Still, Yoder says there is room for one more--and offers that a Rachmaninoff competition is particularly apt for Los Angeles, because the Russian emigre composer, pianist and conductor performed at the Pasadena Civic Auditorium and died in Beverly Hills in 1943.

And, though others in the piano competition can--and do--disagree on the matter, Yoder thinks the world of piano competitions is due for an ethical overhaul, comparing the scene with ice skating events at this year’s Winter Olympic Games.

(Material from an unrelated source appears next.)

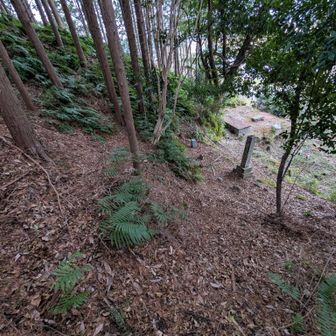 少しずらしてこっちから入れば良かった😅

There are numerous examples of judging controversies in piano competition, including a scene in the 1980 Chopin Competition in Warsaw, Poland, when pianist Martha Argerich stormed off the jury to protest the early elimination of young pianist Ivo Pogorelich.

Trouble followed Pogorelich to Pasadena in 1993, when charges of nepotism on the jury swirled around the first Ivo Pogorelich International Solo Piano Competition at Ambassador Auditorium.

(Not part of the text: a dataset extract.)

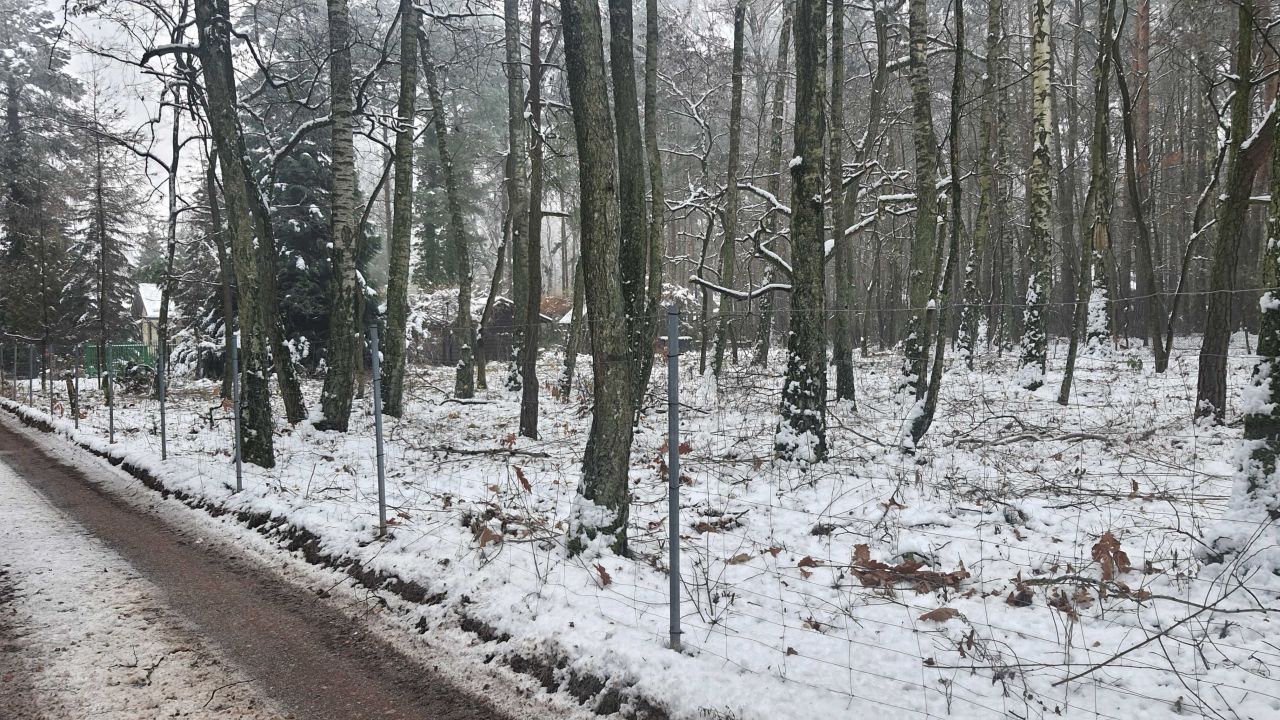 Działka budowlana Zofiówka, ul. Cienista. Zdjęcie 8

“This scandal that happened with the Olympics would be small potatoes for a piano competition,” asserts Yoder, referring to the much-publicized controversy in pairs figure skating that led to gold medals for both the Russian and Canadian pairs. “On a scale of 1 to 10, [that] would be a 2 or 3, compared to the horse trading that goes on.”

Yoder says that the Rachmaninoff Competition has lured a stellar panel of judges by promising “a competition in the old way,” with a set of controls in place to prevent politicization.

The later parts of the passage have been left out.